▶ Exercise aim:
Apart from pictures, transcribe exactly each line from the one containing "1929 Duesenberg Model J sedan" through the final line of the listing below.

▶ Data section:
^^^^^^^^

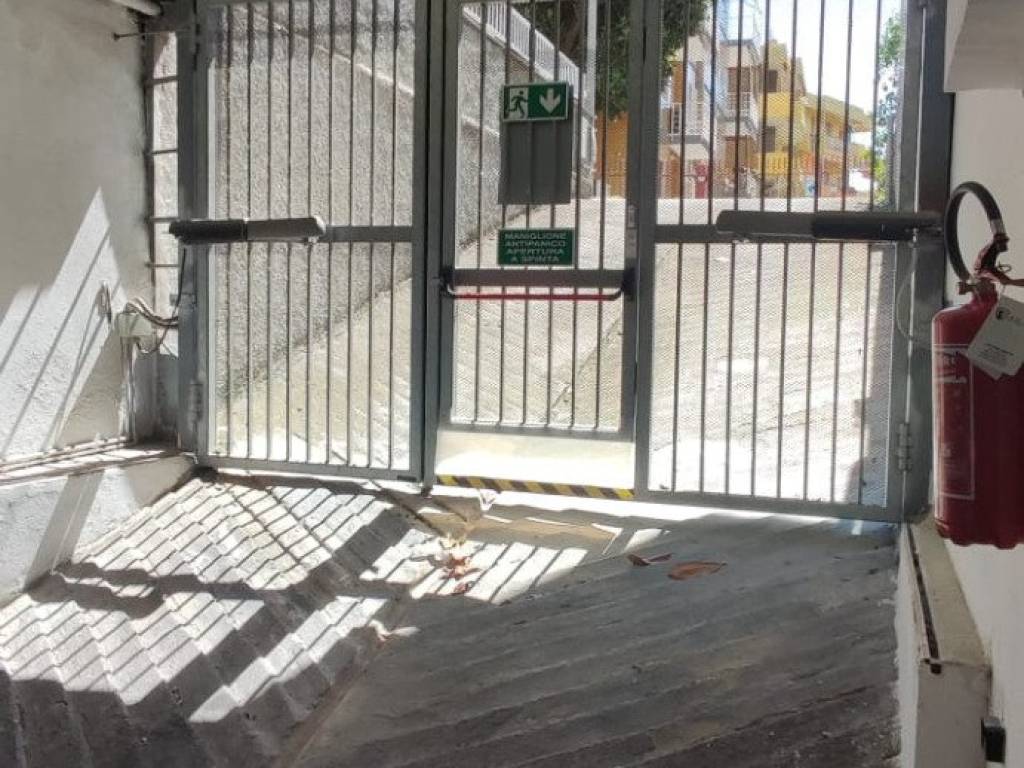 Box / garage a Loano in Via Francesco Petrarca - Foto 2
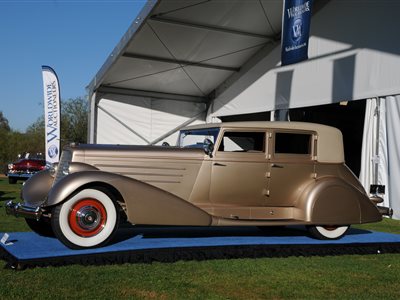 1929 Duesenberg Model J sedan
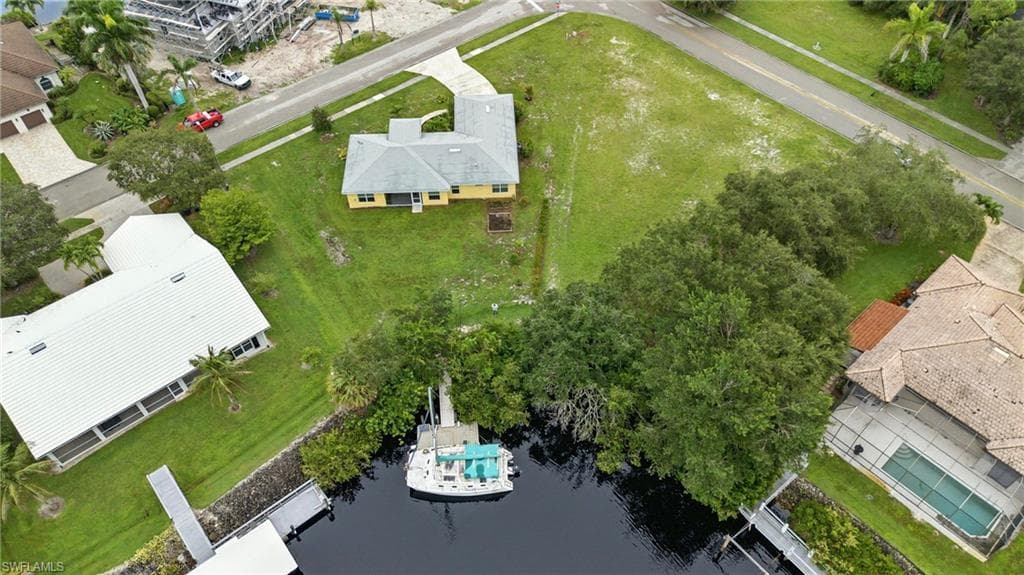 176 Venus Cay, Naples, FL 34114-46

^^^^^^^^

▶ Written answer:
 1929 Duesenberg Model J sedan
 176 Venus Cay, Naples, FL 34114-46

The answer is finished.